◆ WORK ITEM:
Please transcribe the entries that follow exactly as they stand, skipping each picture.
===== DATA UNDER STUDY =====
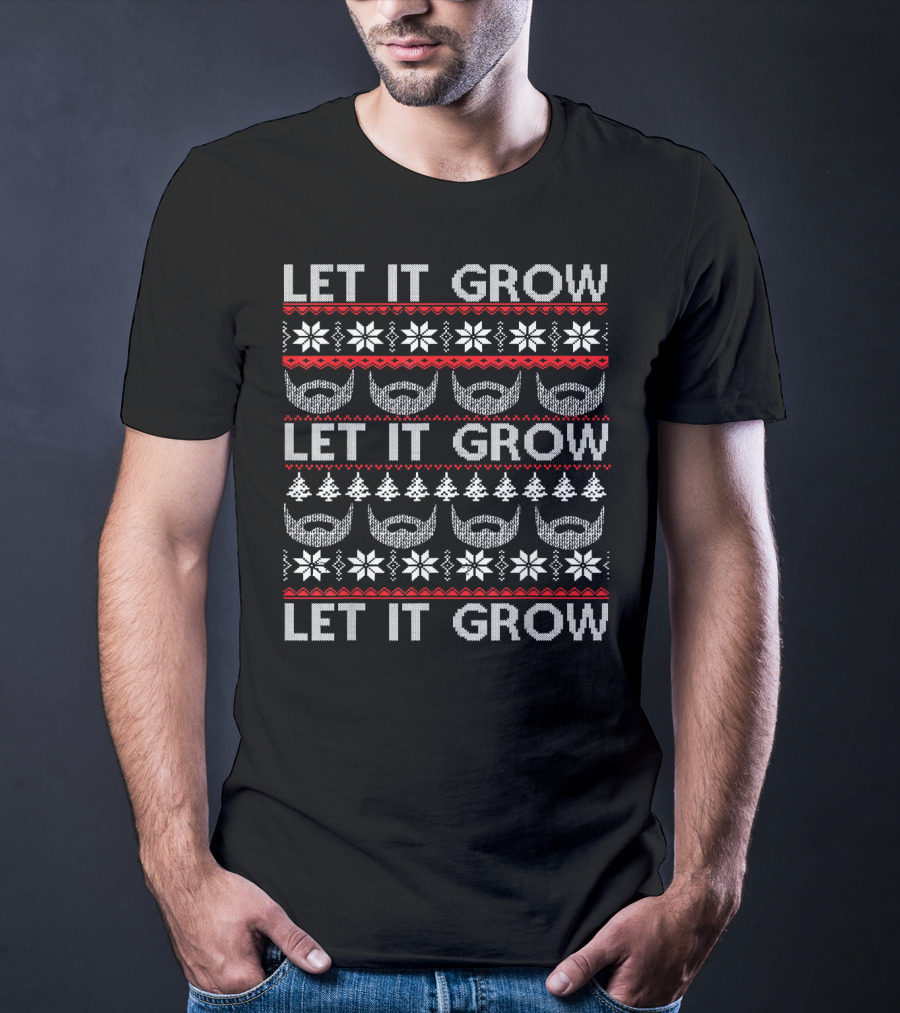 Let It Grow Beard Christmas T-Shirt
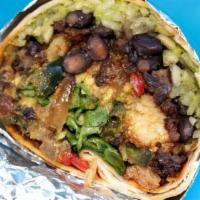Vegan Rito · Fried cauliflower, cilantro rice, black beans, fajita vegetables, guacamole, white onion, le...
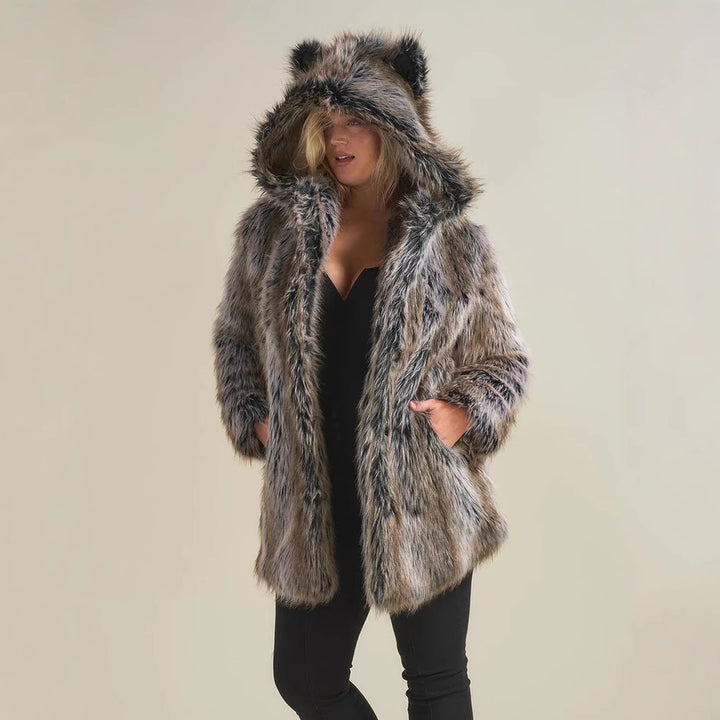 Ladies hooded faux fur coat with ear protectors Lune London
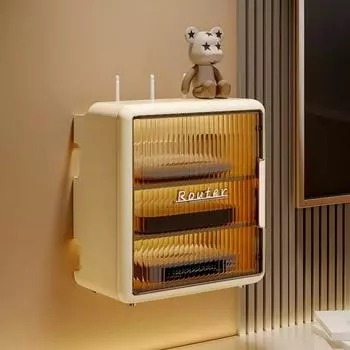 Коробка для хранения маршрутизатораСтеллаж для хранения ТВ-приставкиПодвесная полка для беспроводного маршрутизатора Wi-FiКоробка для хранения настенная розетка Кабель питания Кронштейн зелёный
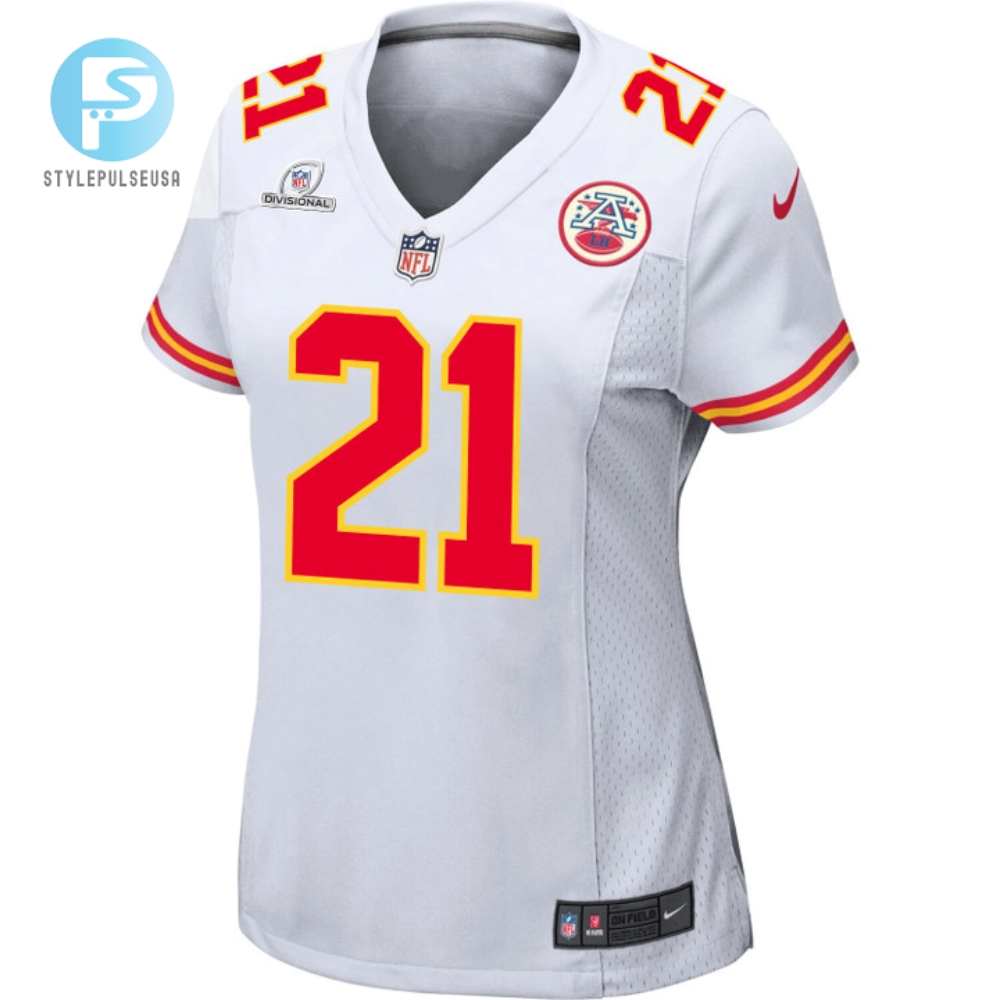 Mike Edwards 21 Kansas City Chiefs 2024 Divisional Patch Game Women Jersey  White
=====
◆ WORKED SOLUTION:
 Let It Grow Beard Christmas T-Shirt
Vegan Rito · Fried cauliflower, cilantro rice, black beans, fajita vegetables, guacamole, white onion, le...
 Ladies hooded faux fur coat with ear protectors Lune London
 Коробка для хранения маршрутизатораСтеллаж для хранения ТВ-приставкиПодвесная полка для беспроводного маршрутизатора Wi-FiКоробка для хранения настенная розетка Кабель питания Кронштейн зелёный
 Mike Edwards 21 Kansas City Chiefs 2024 Divisional Patch Game Women Jersey  White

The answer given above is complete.